_ACTIVITY_.
Quote the listing below in full and exactly as written, but omit every picture.

_DATA EXTRACT_.
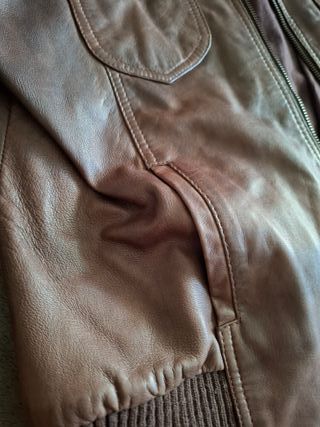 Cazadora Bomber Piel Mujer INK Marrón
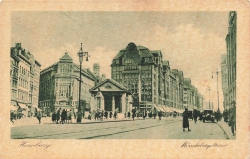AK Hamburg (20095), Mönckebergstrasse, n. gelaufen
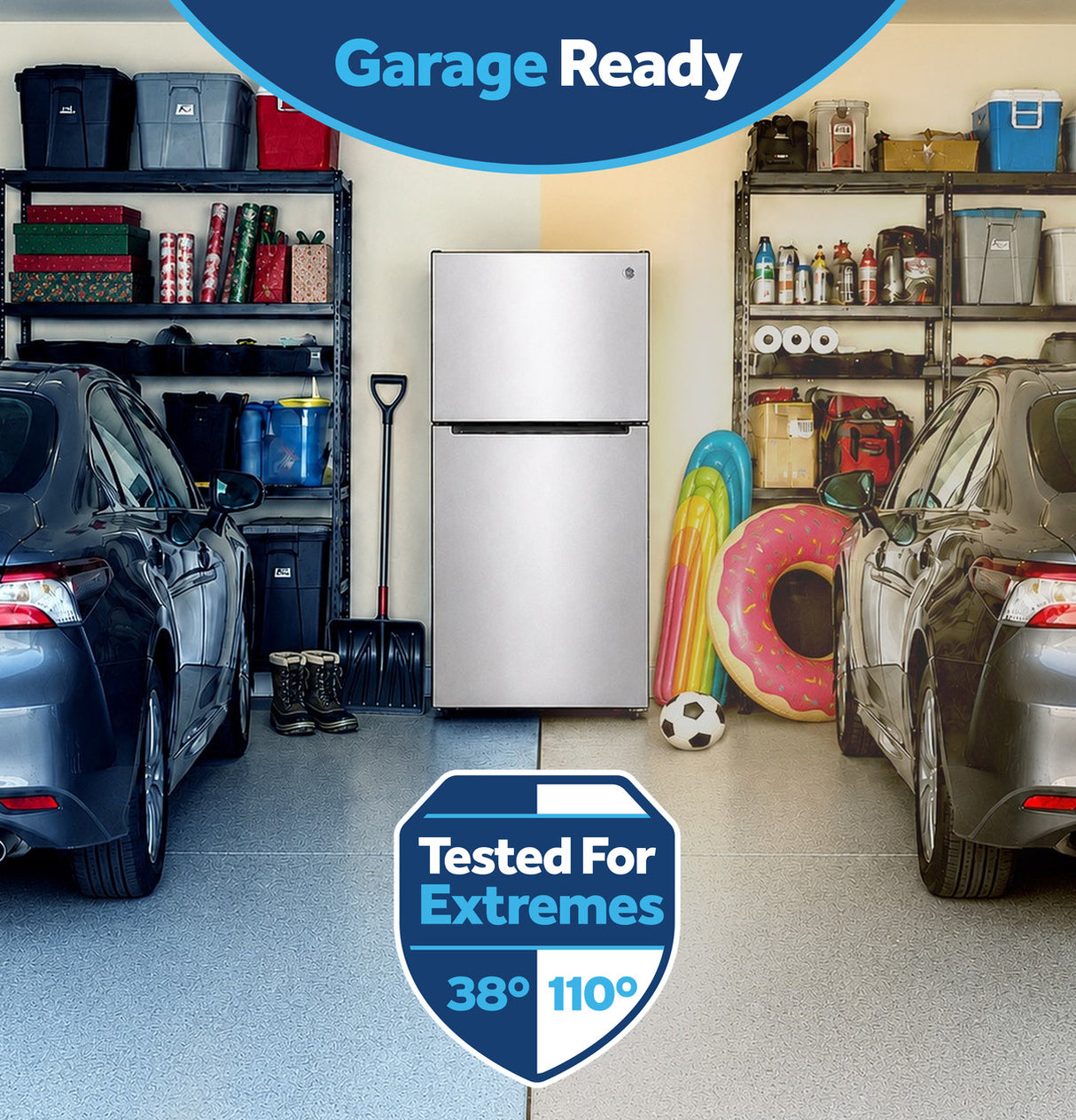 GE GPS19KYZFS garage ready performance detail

_RESPONSE TO THE TASK_.
 Cazadora Bomber Piel Mujer INK Marrón
AK Hamburg (20095), Mönckebergstrasse, n. gelaufen
 GE GPS19KYZFS garage ready performance detail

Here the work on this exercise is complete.